Of note is that our ORR of 28% (5/18) was markedly lower than reported in REACH trials as well as in the other cited papers [16, 17]. It should be, however, mentioned that we focused only on patients with GIII–IV SR-aGVHD which is known to have the poorest outcome. From the clinical point of view this is the most demanding group of patients with the highest need for efficient salvage therapy. Furthermore, lower ORR demonstrated in our report could be partially explained by relatively late RUX initiation, namely after failure of 3 prior immunosuppressive therapies. In the RUX registration trials, RUX was administrated simultaneously with CS (REACH1) or as a second-line treatment (REACH2).
It should be mentioned that our study included relatively small number of patients and it may have an impact on the results which should be treated with caution.
Although we did not observe significant differences in mortality between RUX-responders and non-responders group, a 12-month OS stands in favour for RUX-responders vs RUX non-responders (60% vs 31%). Among all studied factors, only duration of RUX therapy over 29.5 days significantly influenced OS. No other factors showed an impact on OS in our analysis. Despite some investigations showing efficacy of RUX across affected organs [15, 18, 20], some other data bring the opposite results. None of 4 patients with SR-aGVHD and active gut involvement responded to therapy with RUX in a small study published by Neumann et al. . Another report suggests that hepatic aGVHD responds worse than skin and intestines: 30% vs 79% and 71%, respectively . No correlations between the type of involved organ nor the number of affected organs and RUX efficiency were demonstrated in our study.

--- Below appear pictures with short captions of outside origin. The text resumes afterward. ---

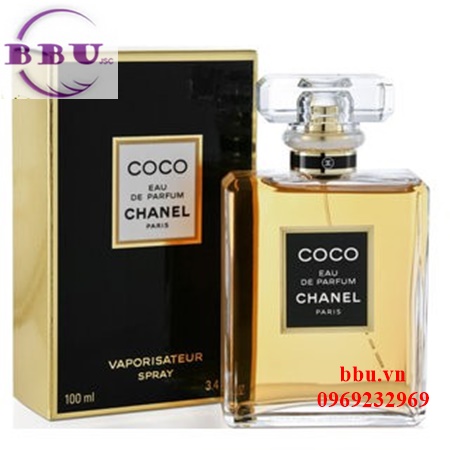 Chanel Coco 100ml Eau De Parfum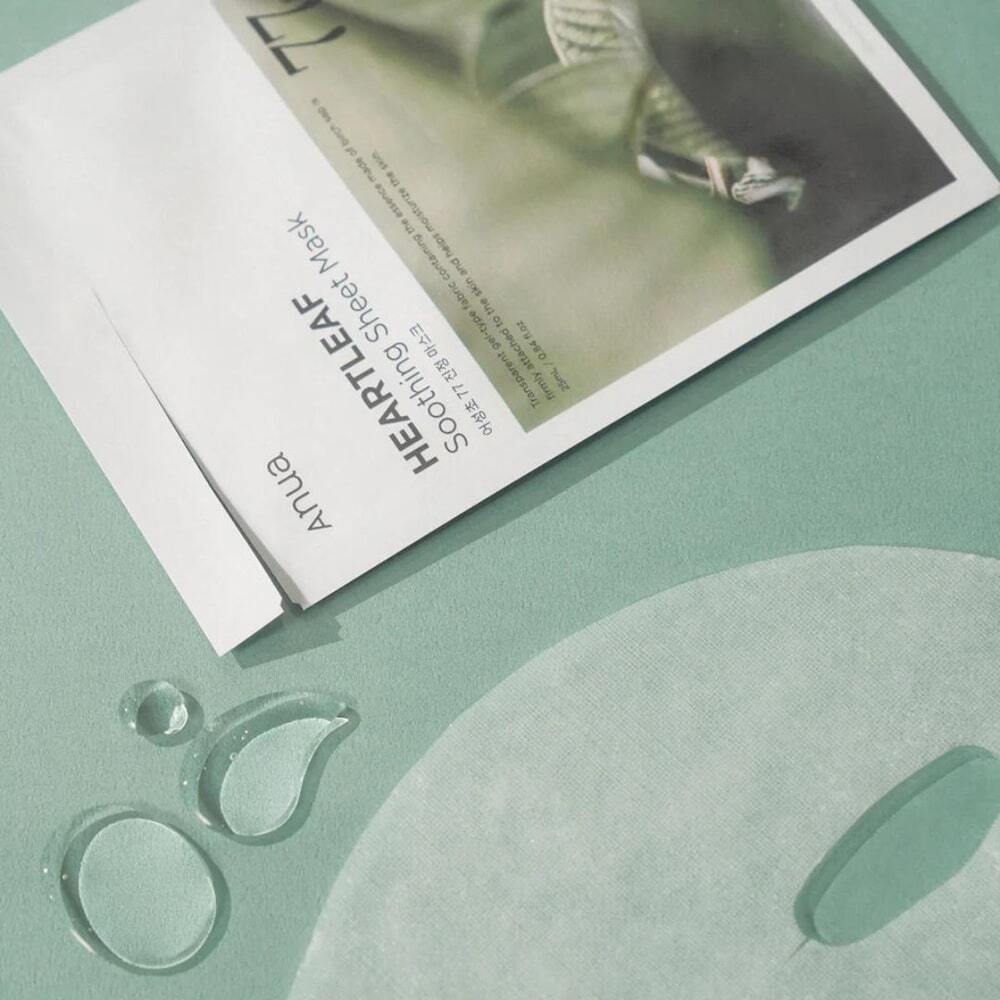 Heartleaf 77% Soothing Sheet Mask 25ml - ANUA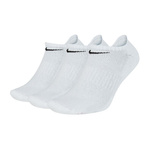 Nike Everyday Cushion No Show Socks 3-Pack SX7673-100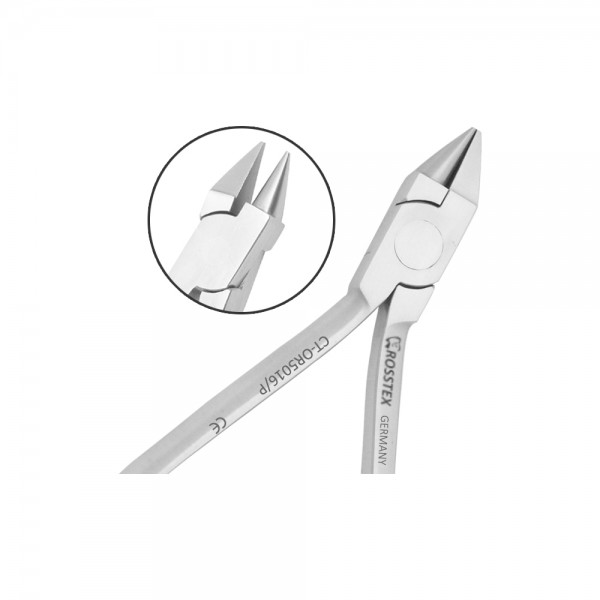 Orthodontic Pliers Bird Beak, 12.0 cm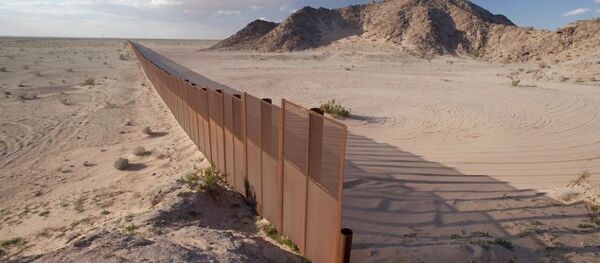 特朗普：若墨西哥不愿为隔离墙出资 墨西哥总统访美行程最好取消 - 俄罗斯卫星通讯社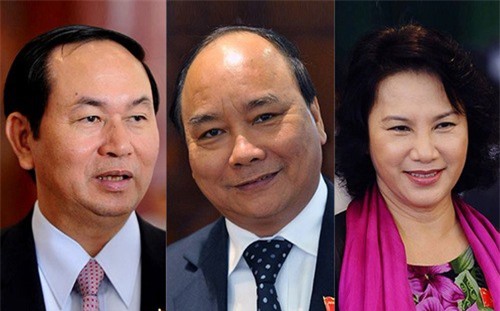 Chủ tịch nước, Chủ tịch Quốc hội, Thủ tướng sẽ tuyên thệ nhậm chức trong tháng 7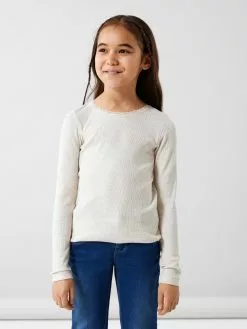 NAME IT Nkfkab Ls Slim Noos - Trui - Peyote Melange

RUX therapy is known to be associated with some side effects. Hematologic toxicity of RUX results from the blockade of JAK2 signalling processes involving thrombo- and erythropoiesis . Real-life data agreeably showed high incidence of G3-4 cytopenia in 30%–60% of patients during RUX treatment [16, 20, 23]. Cytopenias were the most common adverse events also in our study. G3-4 thrombocytopenia and neutropenia were observed in 61% and 22%, respectively. Hematologic toxicity often leads to dose reductions and occasionally discontinuation of therapy, limiting the efficiency of RUX. Itacitinib- a selective JAK1 inhibitor is currently in a phase of experimental studies but some early data show that G3 cytopenia could be reduced to less than 30% [24, 25].
Among infectious complications CMV and Polyoma BKV reactivations were common: 50% and 33%, respectively. The incidence of CMV reactivation seems to be comparable with other studies. [20, 23, 26]. Till today, no data on the incidence of Polyoma BKV reactivation while on RUX were provided. Nevertheless, all these viral reactivations were manageable and did not result in patient’s death. The incidence of life-threatening bacterial infections was rare. Serious bacterial infections were demonstrated in only 2 patients with 1 death due to septic shock. In contrast, 52% of patients treated with RUX presented bacterial infection in Abedin study .
In conclusion, our study seems to prove that RUX could be a promising therapeutic option for SR-aGVHD, however, more data are warranted.